Я утверждаю, что всё мистическое очарование этой птицы порождено чудесной её белизной, и в доказательство приведу так называемых «серых альбатросов» – результат какой-то терминологической путаницы; этих птиц я встречал часто, но никогда не испытывал при виде их тех ощущений, какие вызвал во мне наш антарктический гость.
Но как, однако, было поймано это сказочное существо? Поклянитесь сохранить тайну, и я скажу вам: при помощи предательского крючка и лески удалось изловить эту птицу, когда она плыла, покачиваясь, по волнам. Впоследствии капитан сделал её почтальоном: он привязал к её шее кожаную полоску, на которой значилось название судна и его местонахождение, и отпустил птицу на волю. Но я-то знаю, что кожаная полоска, предназначенная для человека, была доставлена прямо на небеса, куда вознеслась белая птица навстречу призывно распростёршим крыла восторженным херувимам.
Г. Мелвилл
Альбатрос - Бремя вины; символ, впервые появившийся в «Сказании о старом мореходе» С. Т. Колриджа (1772-1834), в котором убийство альбатроса нарушает древнее морское табу. Традиционно считалось, что увидеть альбатроса– хороший знак; сила и выносливость альбатроса восхищали настолько,что в фольклоре он олицетворяет души умерших моряков. Птица, символизирующая долгий парящий полет без физических усилий.

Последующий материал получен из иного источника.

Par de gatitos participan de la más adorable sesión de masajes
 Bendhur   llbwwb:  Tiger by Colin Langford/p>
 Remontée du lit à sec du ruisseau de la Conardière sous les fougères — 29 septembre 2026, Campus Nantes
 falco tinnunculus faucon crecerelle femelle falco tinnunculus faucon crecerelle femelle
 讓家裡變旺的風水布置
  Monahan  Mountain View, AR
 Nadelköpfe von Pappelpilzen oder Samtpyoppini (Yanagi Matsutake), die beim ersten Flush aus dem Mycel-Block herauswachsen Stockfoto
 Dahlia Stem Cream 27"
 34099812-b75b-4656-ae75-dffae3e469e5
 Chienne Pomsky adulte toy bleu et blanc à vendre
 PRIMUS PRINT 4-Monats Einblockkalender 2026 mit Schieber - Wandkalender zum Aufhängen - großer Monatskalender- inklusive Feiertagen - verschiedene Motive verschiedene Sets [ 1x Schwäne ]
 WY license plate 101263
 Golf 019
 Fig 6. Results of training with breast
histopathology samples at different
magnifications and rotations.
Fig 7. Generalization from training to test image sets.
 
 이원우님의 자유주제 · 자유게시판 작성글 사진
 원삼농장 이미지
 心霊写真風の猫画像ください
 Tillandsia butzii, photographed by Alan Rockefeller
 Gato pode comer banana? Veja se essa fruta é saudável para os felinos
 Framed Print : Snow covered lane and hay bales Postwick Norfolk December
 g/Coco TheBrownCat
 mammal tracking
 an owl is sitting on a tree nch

Альбатрос символизирует полет духа и мысли. Вместе с тем данный образ подразумевает свободу творчества.
***
"И птица небесная, с архангельским криком вытянув ввысь свой царственный клюв и запутавшись пленным телом во флаге Ахава, скрылась под водой вместе с его кораблём, что, подобно свергнутому Сатане, унёс с собой в преисподнюю вместо шлема живую частицу неба".
---
Свиристель
На годы эпидемии чумы пришлось невиданное нашествие свиристелей. Поэтому они стали символами чумы и беды.
В Германии она зовется: Todtvogel ("птица смерти"), Pestdrossel ("чумной дрозд").
В Голландии: Pestvogel ("птица чумы").